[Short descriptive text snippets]
════
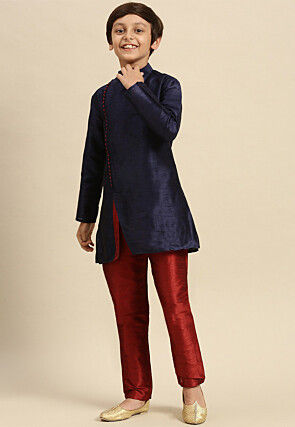 Solid Color Dupion Silk Kurta Pyjama Set in Navy Blue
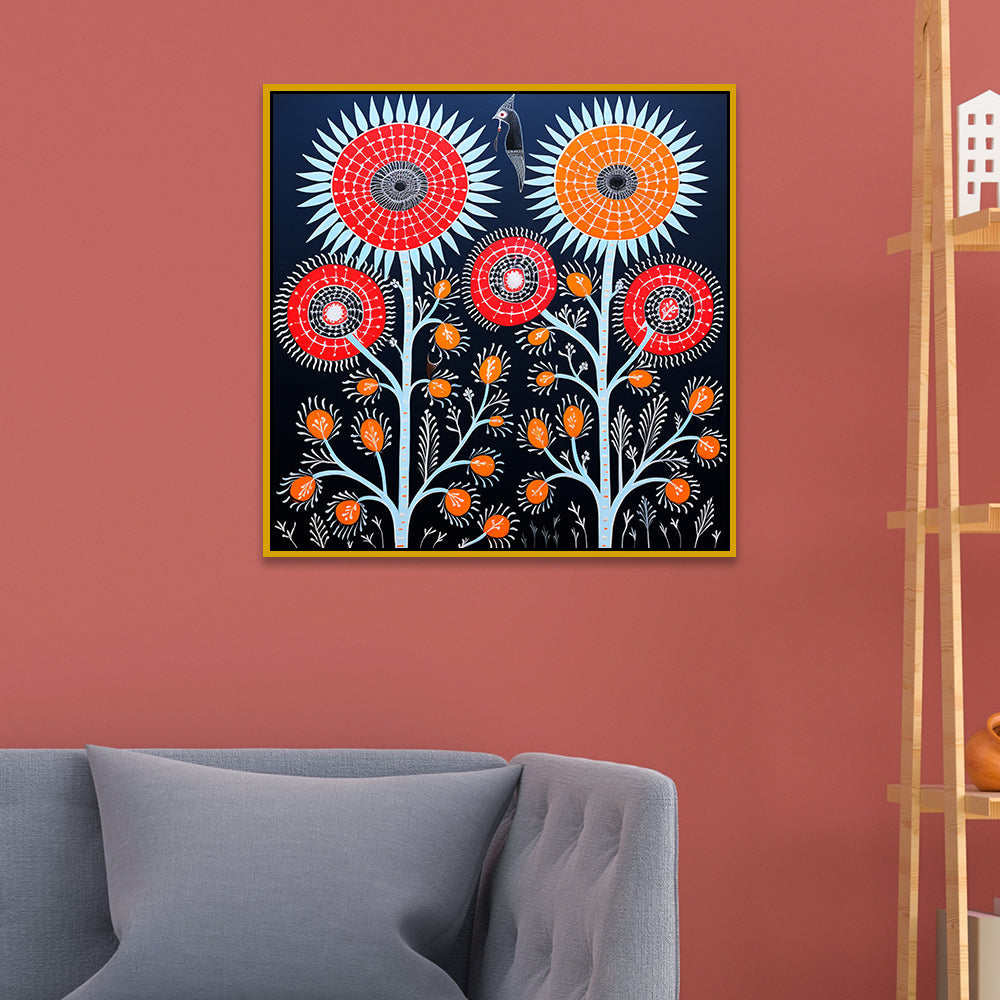 Tribal Bloom Gond Art Floral Canvas Wall Painting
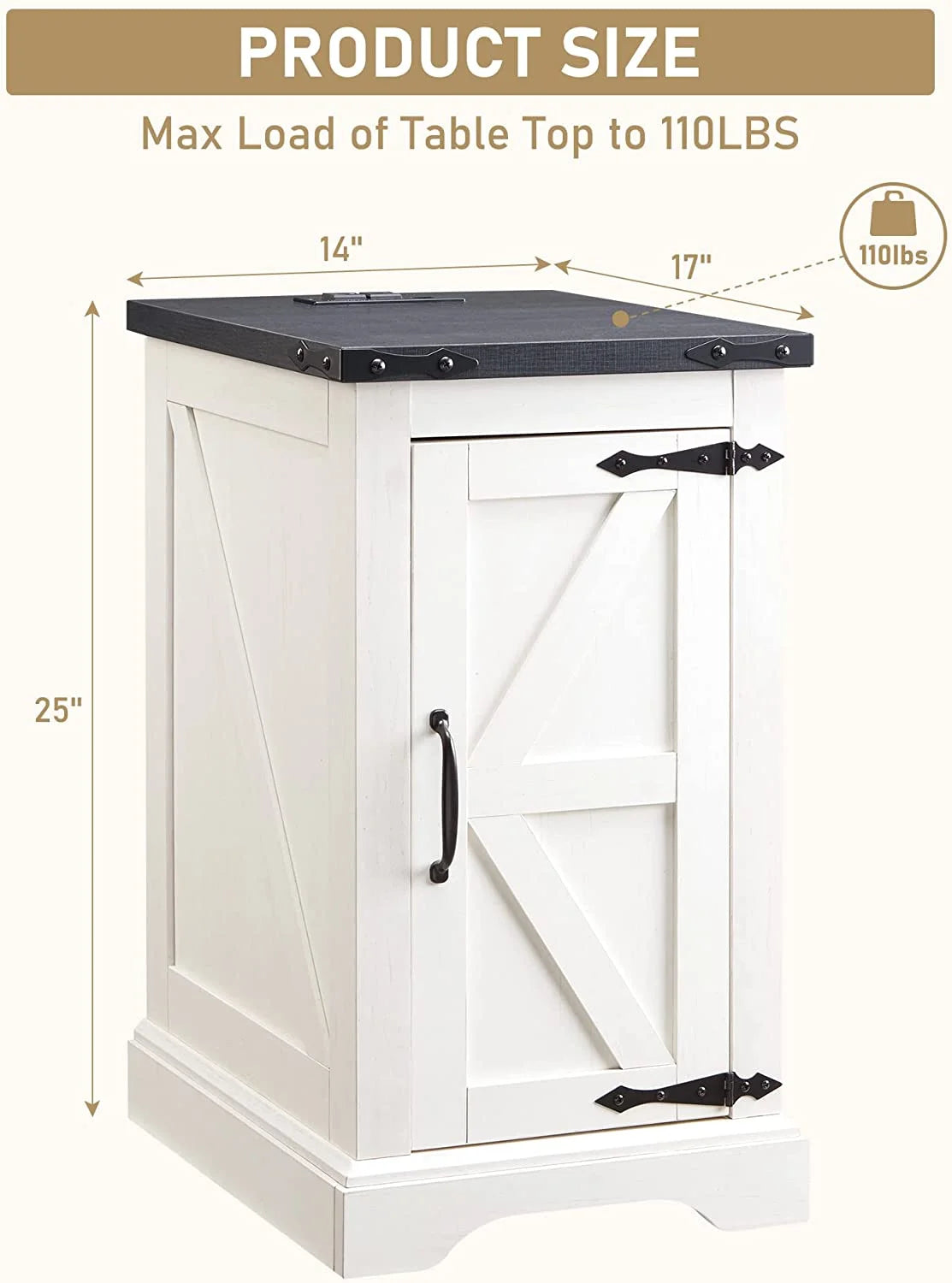 White Farmhouse Wood Nightstand with Charging Station Z30724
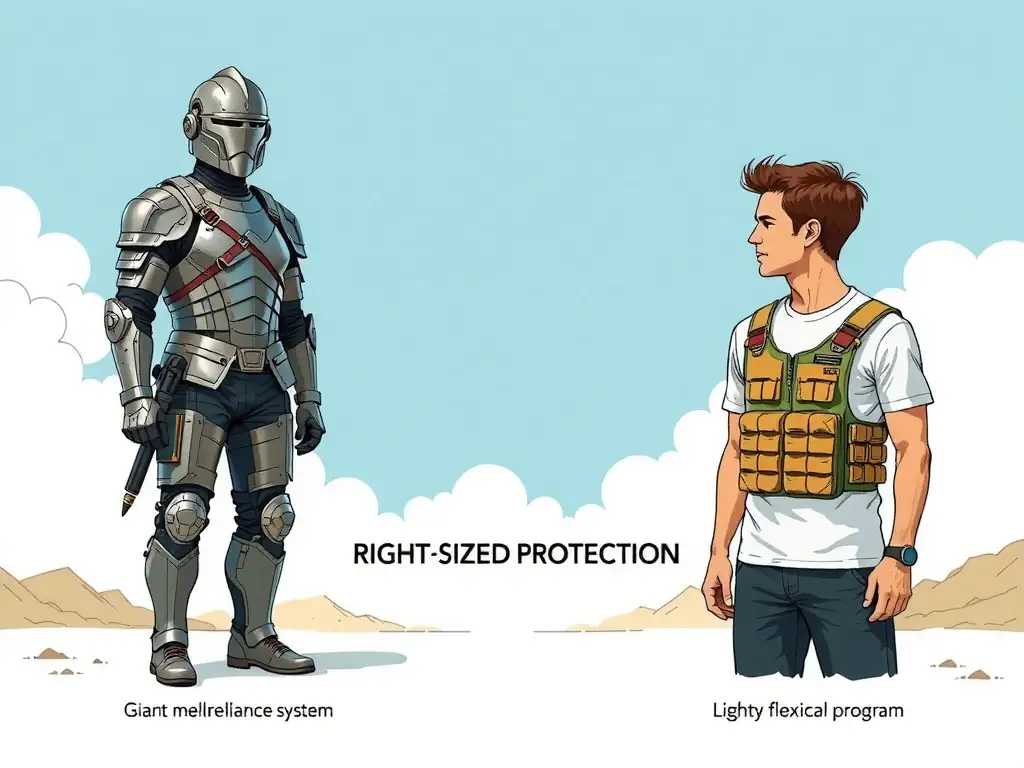 A conceptual illustration comparing a heavy, rigid suit of armor (representing a giant multinational compliance system) with a light, flexible tactical vest (representing a scaled compliance program for a small company), highlighting right-sized protection.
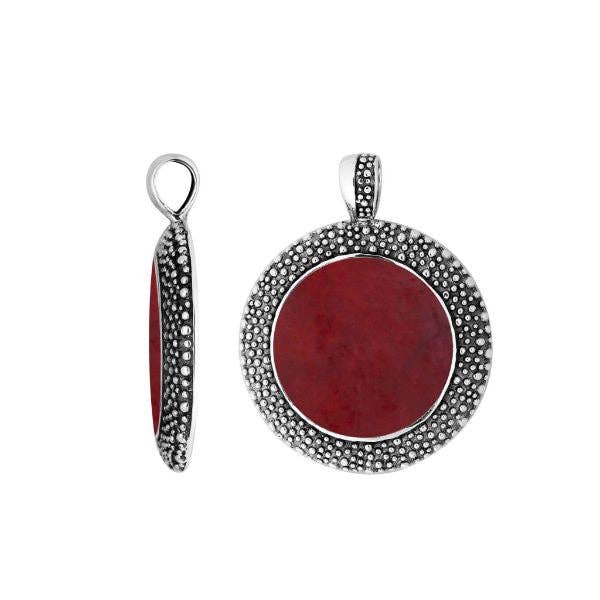 Sterling Silver Red Coral Round Pendant With Balinese Granulated Frame And Mirror-Polished Finish Designed For Wholesale Jewelry Buyers for wholesale by Bali Designs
════
**What is needed**
Reproduce the data above word for word, but leave the images out.

**Response to the task**
 Solid Color Dupion Silk Kurta Pyjama Set in Navy Blue
 Tribal Bloom Gond Art Floral Canvas Wall Painting
 White Farmhouse Wood Nightstand with Charging Station Z30724
 A conceptual illustration comparing a heavy, rigid suit of armor (representing a giant multinational compliance system) with a light, flexible tactical vest (representing a scaled compliance program for a small company), highlighting right-sized protection.
 Sterling Silver Red Coral Round Pendant With Balinese Granulated Frame And Mirror-Polished Finish Designed For Wholesale Jewelry Buyers for wholesale by Bali Designs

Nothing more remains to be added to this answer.